Minnie Riperton was born in Chicago in 1947. The youngest of eight children in a musical family, she embraced the arts early. Although she began by studying ballet and modern dance, her parents recognized her incredibly versatile vocal and musical abilities and encouraged her to pursue music and voice lessons. She received formal operatic vocal training that gave her full access and control of her vocal range. Riperton seemed slated to become an opera singer, but as a teenager became enamored with soul and R&B, eventually dropping out of college to pursue a career in pop music.
As a high schooler, Riperton signed with Chicago-based Chess Records, releasing a handful of solo singles and supplying backing vocals on recordings by Fontella Bass, the Dells, and Etta James. In 1968, she joined psychedelic chamber soul act Rotary Connection as lead vocalist, releasing a trio of albums on Chess subsidiary Cadet Concept. The band’s progressive sound — courtesy arranger Charles Stepney — failed to connect with a wider audience, and the albums didn’t sell well.

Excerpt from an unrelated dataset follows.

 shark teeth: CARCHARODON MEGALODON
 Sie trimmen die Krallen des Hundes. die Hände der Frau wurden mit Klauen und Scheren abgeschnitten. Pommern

While still a member of Rotary Connection, Riperton continued to work with Charles Stepney on her full-length debut Come To My Garden where her talents were really brought to bare. Stepney’s arrangements managed to allow Riperton to indulge both her soulful side while also bringing to bare her formidable background in classical music and opera. While the album was not commercially successful, it received extensive critical praise and has subsequently become a cult classic. Featuring the neo-classical stylings combined with soul, it is not wonder that this record would eventually find its audience. It’s closest musical relatives are other quasi-orchestral folk classics Riperton’s next album “Perfect Angel” adopted a more straight ahead soul sound and proved to be Riperton’s big commercial breakthrough.
Riperton recorded widely throughout her career, including turning out several disco classics and working with Stevie Wonder. She was married to famed record producer and songwriter Richard Rudolph. Riperton recorded definitive versions of several of his songs. The couple had two children together, including eventual comedic actress and Saturday Night Live alum Maya Rudolph. Riperton’s career was cut suddenly short when she was diagnosed with breast cancer in 1976. She continued to work and became a spokeswoman for the American Cancer Society before sadly succumbing to the disease in 1979. One of her final performances was as a guest on the Merv Griffin Show earlier that year.